К осени 1942 года положение на фронтах войны было крайне тяжелым, шли бои за Сталинград; город, носивший имя Сталина, не должен был быть взят немцами, и Сталин не жалел солдат. Связь с Москвой прервалась, и мы перестали получать зарплату из Метростроя. Пришлось работать по договорам, заключенным с заказчиком или с другими проектными организациями Сухуми. Нашей группе были заказаны проекты бомбоубежищ в Сухуми: маленького во дворе обкома и большого в городе; мужчины из группы выезжали на работу по устройству противотанковых сооружений на Мюссерском перевале.

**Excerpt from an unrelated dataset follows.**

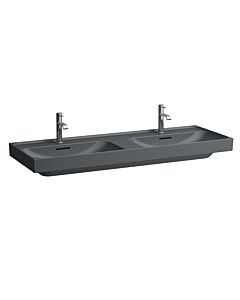 Laufen Meda double washbasin H8141127581081 130x46cm, built-under, with overflow, 3 tap holes, matt graphite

В связи с постройкой бомбоубежищ мне пришлось познакомиться с абхазскими властями в Сухуми: с первым секретарем обкома, с секретарем по транспорту и другими обкомовскими сотрудниками. Меня забавляли их вопросы о том, где безопаснее всего находиться в бомбоубежище в случае воздушного налета, а приказ первого секретаря — не принимать никого в течение часа, пока я была в кабинете, — меня просто рассмешил. Подумать только, сухумские власти прекращают на час функционировать! Были и предложения не уезжать сразу же в Новый Афон, а пойти в ресторан ужинать или в театр на спектакль. Я неизменно отказывалась, ссылаясь на то, что у меня нет с собой вечернего платья или что у меня больна мама или дочка. Особенно настойчив был секретарь по транспорту и однажды без моего приглашения приехал в Псырцху, я рассердилась, но Арут проявил неслыханное гостеприимство. Как простой человек, он любил начальство и радовался, если к нему приходил начальник милиции или приезжало какое-то начальство из Гудаут. А тут обкомовская машина из Сухуми! Такой почет для Арута! Сейчас же были зарезаны куры, приготовлено сациви и накрыт стол со всеми припасами и вином. Мне пришлось принять участие в этом застолье, но уж в следующие разы, как только Арут издали видел подъезжающую обкомовскую машину и говорил об этом мне, я хватала книгу и убегала в кукурузу, где можно было отсидеться до ухода незваных гостей. А иногда пробиралась к соседке Шушане и отсиживалась у нее.
Обстановка на фронтах становилась всё тревожнее. Немцы подошли к Туапсе на расстояние восьми километров, но, кроме того, нависли над нами в горах. Наши войска отступали. Иногда на полу моей комнаты ночевало по нескольку солдат. Однажды утром Арут показал мне на дом абхазца, расположенный напротив нашего. Деревянная пятиконечная звезда, украшавшая фронтон дома, была ночью снята, на ее месте остался только след более светлого дерева. Значит, готовились к приходу немцев. Арут тогда сказал: «Ничего не бойся: я уведу всех в лес в горы. Знаю такие места, куда ни один немец не доберется. Там и отсидимся, пока наши снова не придут». Простой, почти неграмотный человек Арут не верил в то, что нашу страну можно завоевать надолго. Не верили в это и мы в нашей группе. И все же я однажды пошла к начальнику управления железной дороги Александру Тиграновичу Цатурову посоветоваться, как нам быть. Кроме мамы и Лиды, на моей ответственности были еще оставшиеся сотрудники проектной группы тоже с семьями. Цатуров мне тогда сказал, показывая на свой стол: «У меня под сукном лежит приказ Кагановича, чтобы в случае опасности эвакуироваться в Иран. Весь транспорт в нашем распоряжении».
Немцев в горах скоро разгромили отряды добровольцев из местного населения под командованием военных. А когда наши строители закончили железную дорогу в обход тоннелей и по ней пошли первые поезда с военным снаряжением, немцев отогнали от Туапсе. Радость военных по поводу постройки этой железной дороги была велика. Митинг закончился объятиями и поцелуями, подбрасыванием строителей в воздух.